Disaster Recovery as a Service (DRaaS)

Disaster Recovery as a Service is a cloud-based solution that provides businesses with the ability to recover their systems and data in the event of a disaster. DRaaS allows organisations to replicate and store critical data and applications in the cloud, ensuring business continuity and minimising downtime.

Domain Name System (DNS)

The domain name system is a decentralised naming system used to translate domain names (e.g., example.com) into corresponding IP addresses (e.g., DNS enables users to access websites and services using human-readable domain names, rather than remembering complex IP addresses.

Elastic Compute Cloud (EC2)

Elastic Compute Cloud is a virtual server infrastructure provided by Amazon Web Services (AWS). EC2 allows users to rent virtual machine instances in the cloud, providing flexible compute capacity. Users can launch, manage, and scale virtual servers to run applications and services as per their requirements.

Elastic Block Store (EBS)

Elastic Block Store is a persistent block-level storage volume provided by Amazon Web Services (AWS). EBS volumes are used to store data for EC2 instances and offer features such as durability, high availability, and the ability to scale storage capacity independently from compute resources.


Elasticity refers to the ability of a system or application to dynamically scale resources, such as computing power, storage, or network bandwidth, up or down based on demand. Elasticity enables organisations to optimise resource utilisation and cost while maintaining performance and availability.

Elastic Load Balancer (ELB)

Elastic load balancer (ELB) is a service that automatically distributes incoming network traffic across multiple resources, such as EC2 instances or containers, to improve availability and scalability of applications.
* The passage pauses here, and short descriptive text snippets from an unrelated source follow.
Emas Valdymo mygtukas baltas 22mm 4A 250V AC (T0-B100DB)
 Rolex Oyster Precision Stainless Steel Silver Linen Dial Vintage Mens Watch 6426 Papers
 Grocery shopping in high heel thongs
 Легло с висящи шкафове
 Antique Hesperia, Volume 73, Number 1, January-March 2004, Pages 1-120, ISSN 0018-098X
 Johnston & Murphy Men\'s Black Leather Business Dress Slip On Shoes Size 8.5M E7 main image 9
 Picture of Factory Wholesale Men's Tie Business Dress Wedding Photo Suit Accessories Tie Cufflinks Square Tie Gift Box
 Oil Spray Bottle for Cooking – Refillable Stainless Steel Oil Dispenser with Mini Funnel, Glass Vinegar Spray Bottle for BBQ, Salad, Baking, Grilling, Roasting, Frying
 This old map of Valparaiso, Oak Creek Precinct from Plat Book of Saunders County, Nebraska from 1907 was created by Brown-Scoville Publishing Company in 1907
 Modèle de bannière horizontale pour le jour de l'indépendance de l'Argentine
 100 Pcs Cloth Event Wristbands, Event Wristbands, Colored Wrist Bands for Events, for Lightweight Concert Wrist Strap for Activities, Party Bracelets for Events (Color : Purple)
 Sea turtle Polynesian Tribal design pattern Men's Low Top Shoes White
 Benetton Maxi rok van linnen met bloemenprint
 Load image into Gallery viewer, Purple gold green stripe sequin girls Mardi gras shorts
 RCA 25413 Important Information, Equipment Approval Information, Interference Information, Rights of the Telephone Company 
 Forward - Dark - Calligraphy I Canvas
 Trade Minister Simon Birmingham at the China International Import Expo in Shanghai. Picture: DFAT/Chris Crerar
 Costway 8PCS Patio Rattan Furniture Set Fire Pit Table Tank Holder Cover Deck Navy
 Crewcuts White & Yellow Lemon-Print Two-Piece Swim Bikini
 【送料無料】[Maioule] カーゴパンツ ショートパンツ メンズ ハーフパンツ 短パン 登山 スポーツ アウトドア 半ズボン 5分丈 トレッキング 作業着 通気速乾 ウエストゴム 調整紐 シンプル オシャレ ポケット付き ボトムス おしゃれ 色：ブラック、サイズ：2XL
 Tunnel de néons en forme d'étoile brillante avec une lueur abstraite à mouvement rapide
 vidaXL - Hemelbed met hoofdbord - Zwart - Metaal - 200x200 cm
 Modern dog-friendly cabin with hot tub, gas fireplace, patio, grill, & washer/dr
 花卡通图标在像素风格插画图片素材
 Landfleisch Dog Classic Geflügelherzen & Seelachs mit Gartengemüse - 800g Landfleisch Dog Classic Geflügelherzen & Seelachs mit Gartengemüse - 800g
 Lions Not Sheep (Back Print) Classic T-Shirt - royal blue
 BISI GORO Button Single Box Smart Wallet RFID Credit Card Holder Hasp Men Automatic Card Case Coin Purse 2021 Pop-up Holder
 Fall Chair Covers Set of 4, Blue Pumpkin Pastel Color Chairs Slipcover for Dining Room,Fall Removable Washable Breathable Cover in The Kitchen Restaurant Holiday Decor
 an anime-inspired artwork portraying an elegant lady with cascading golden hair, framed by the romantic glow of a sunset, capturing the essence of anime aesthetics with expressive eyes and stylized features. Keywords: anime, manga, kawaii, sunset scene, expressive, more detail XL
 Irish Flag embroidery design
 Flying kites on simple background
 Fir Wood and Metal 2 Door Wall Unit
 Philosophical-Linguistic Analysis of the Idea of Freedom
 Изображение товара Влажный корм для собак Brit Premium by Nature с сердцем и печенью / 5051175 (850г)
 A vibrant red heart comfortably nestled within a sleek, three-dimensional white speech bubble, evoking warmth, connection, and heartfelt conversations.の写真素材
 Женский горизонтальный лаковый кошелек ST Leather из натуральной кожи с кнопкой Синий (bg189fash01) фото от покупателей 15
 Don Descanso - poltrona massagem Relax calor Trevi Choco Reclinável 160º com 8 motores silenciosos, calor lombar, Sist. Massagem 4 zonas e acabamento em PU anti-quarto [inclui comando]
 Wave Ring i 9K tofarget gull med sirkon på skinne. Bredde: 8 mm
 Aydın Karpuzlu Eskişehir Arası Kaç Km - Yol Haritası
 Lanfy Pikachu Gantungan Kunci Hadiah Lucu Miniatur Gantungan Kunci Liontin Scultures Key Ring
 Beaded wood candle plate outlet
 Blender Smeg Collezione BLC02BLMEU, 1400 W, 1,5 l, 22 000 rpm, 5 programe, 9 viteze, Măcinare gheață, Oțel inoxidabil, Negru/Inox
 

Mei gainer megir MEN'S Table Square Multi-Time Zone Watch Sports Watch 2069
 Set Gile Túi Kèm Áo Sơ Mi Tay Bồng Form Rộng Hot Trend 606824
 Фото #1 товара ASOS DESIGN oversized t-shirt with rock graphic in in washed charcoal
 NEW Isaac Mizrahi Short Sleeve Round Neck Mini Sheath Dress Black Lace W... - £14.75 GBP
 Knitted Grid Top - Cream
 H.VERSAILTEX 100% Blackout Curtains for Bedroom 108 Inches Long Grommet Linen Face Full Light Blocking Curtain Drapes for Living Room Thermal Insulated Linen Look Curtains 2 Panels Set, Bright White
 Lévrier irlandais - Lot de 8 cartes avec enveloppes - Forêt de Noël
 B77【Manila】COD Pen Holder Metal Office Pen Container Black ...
ELB ensures that traffic is evenly distributed, while enhancing fault tolerance and providing high-performance load balancing capabilities.


Encryption is the process of converting plain text or data into an unreadable format using an algorithm or a key, making it impossible for unauthorised parties to access or read the information. Encryption is commonly used to secure sensitive data during transmission and storage.

Enterprise Resource Planning (ERP)

Enterprise resource planning (ERP) is a software suite that integrates and manages core business processes such as finance, human resources, manufacturing, supply chain, and customer relationship management. ERP provides a unified view of the organisation's operations, enabling efficient decision-making and process optimisation.


Extensibility in computing refers to the ability of a system or application to be easily modified or extended with additional functionality without requiring major changes to the core code. Extensibility enables developers to customise and adapt software to meet specific needs or integrate with other systems.

Federated Database

A federated database is a distributed database system that aggregates data from multiple sources and presents it as a single logical database to users. Federated databases enable organisations to share data and resources across different systems and locations, improving scalability and data accessibility.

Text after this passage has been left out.